PROBLEM DESCRIPTION> Your copy should contain exactly the lines from the start of the material through the line containing "嗷呜酱 - 水手服 [48P-410MB]", and no pictures.

[Opening DATA LISTING section]

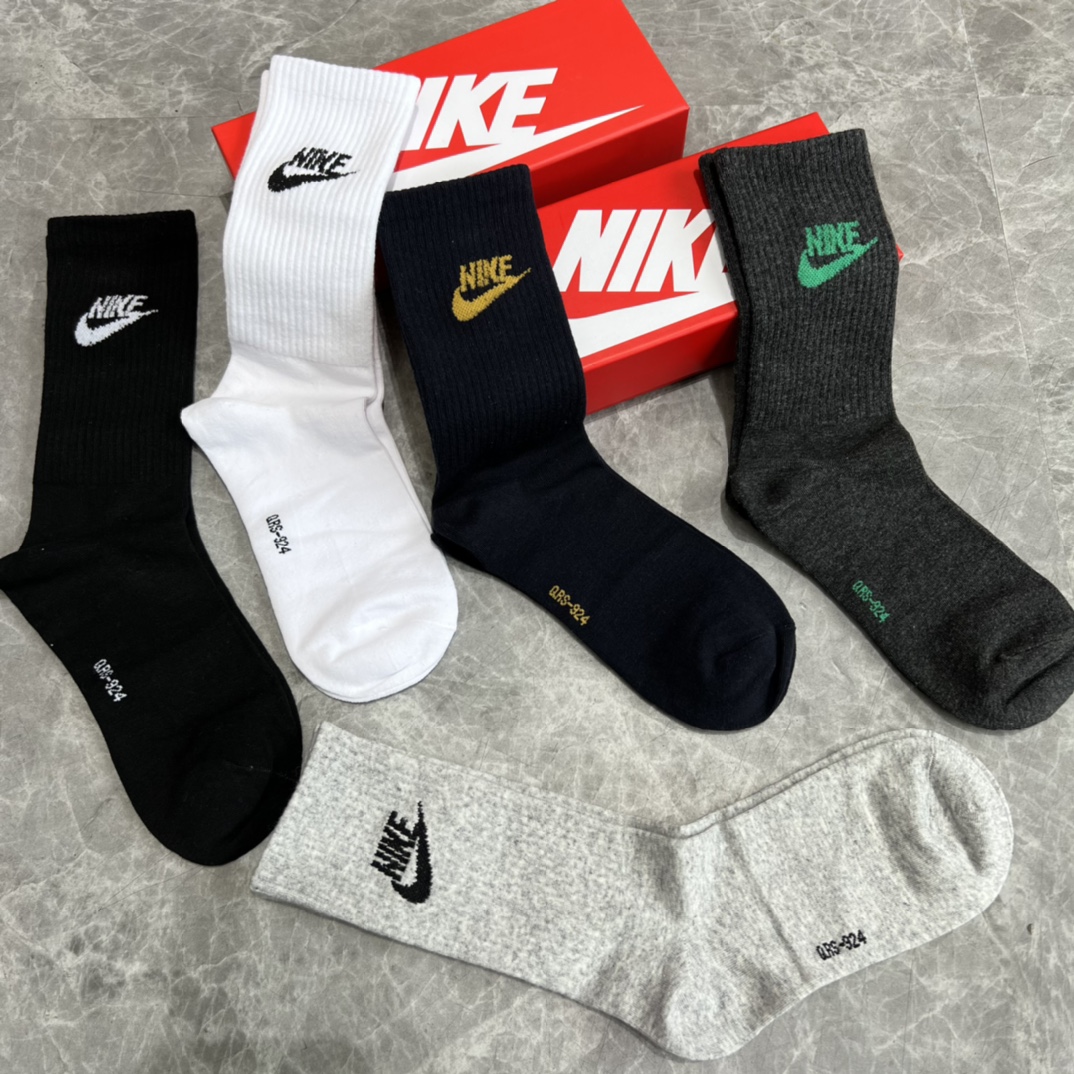 Nike Socks 5 pieces per box 01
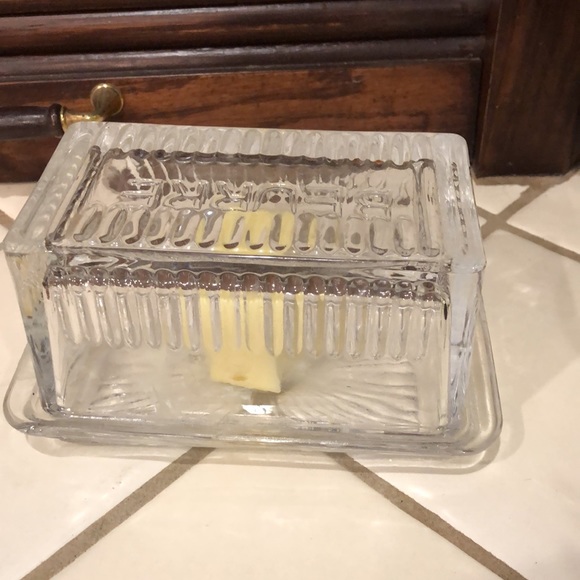 GLASS BUTTER DISH - Beurre French butter keeper… thick glass - Picture 4 of 5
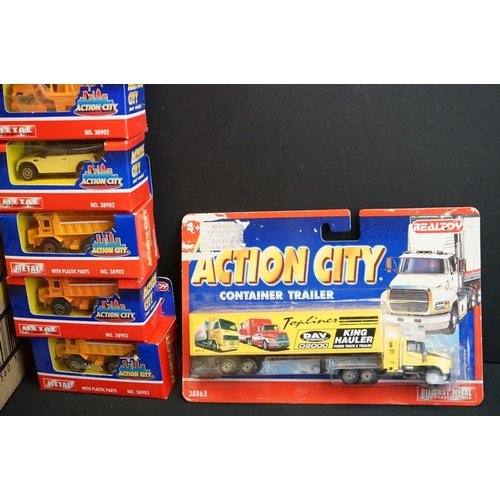 1235 - 31 Boxed / cased diecast models to include 24 x Cararama (VW T1 Pick UP, VW Transporter, Mini Panel ... 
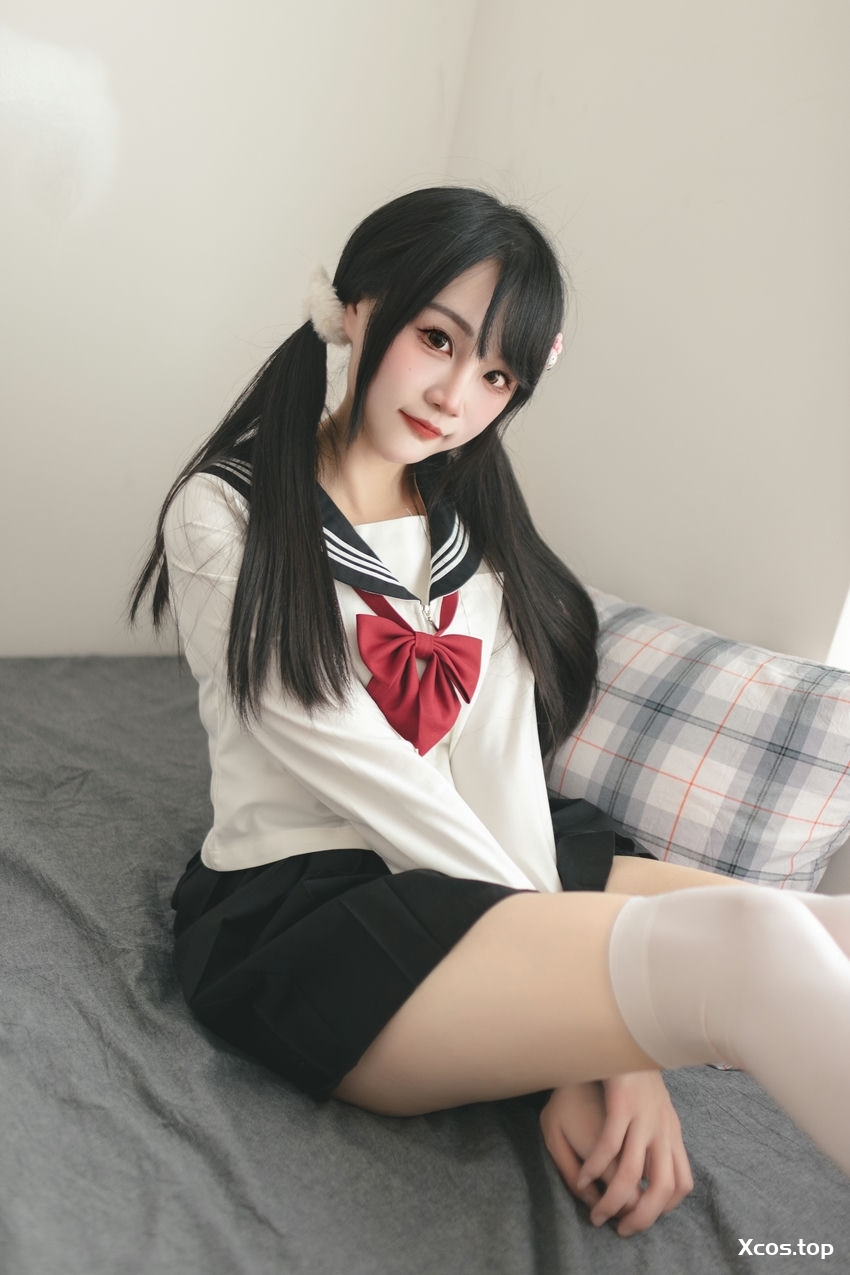 嗷呜酱 - 水手服 [48P-410MB]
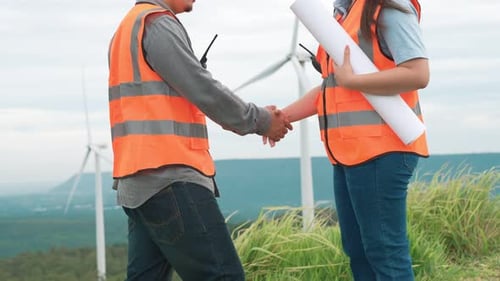 Fortschrittliches Konzept von Ingenieuren, die im Windpark auf dem Gipfel des Berges arbeiten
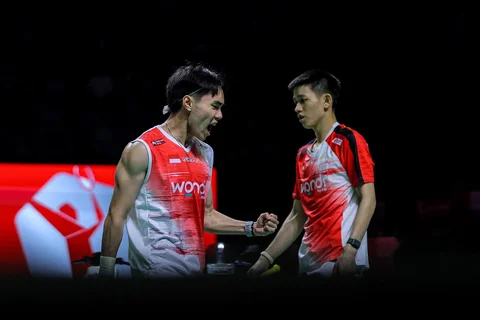 Pebulu tangkis ganda putra Indonesia Nikolaus Joaquin dan Raymond Indra saat bertanding ganda putra Indonesia Sabar Karyaman Gutama dan Moh Reza Pahlevi Isfahani pada babak semifinal Polytron Indonesia Open 2026 di Istora Senayan, Jakarta, Sabtu (6/6/2026).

[Closing DATA LISTING section]

PROBLEM SOLUTION>
 Nike Socks 5 pieces per box 01
 GLASS BUTTER DISH - Beurre French butter keeper… thick glass - Picture 4 of 5
 1235 - 31 Boxed / cased diecast models to include 24 x Cararama (VW T1 Pick UP, VW Transporter, Mini Panel ... 
 嗷呜酱 - 水手服 [48P-410MB]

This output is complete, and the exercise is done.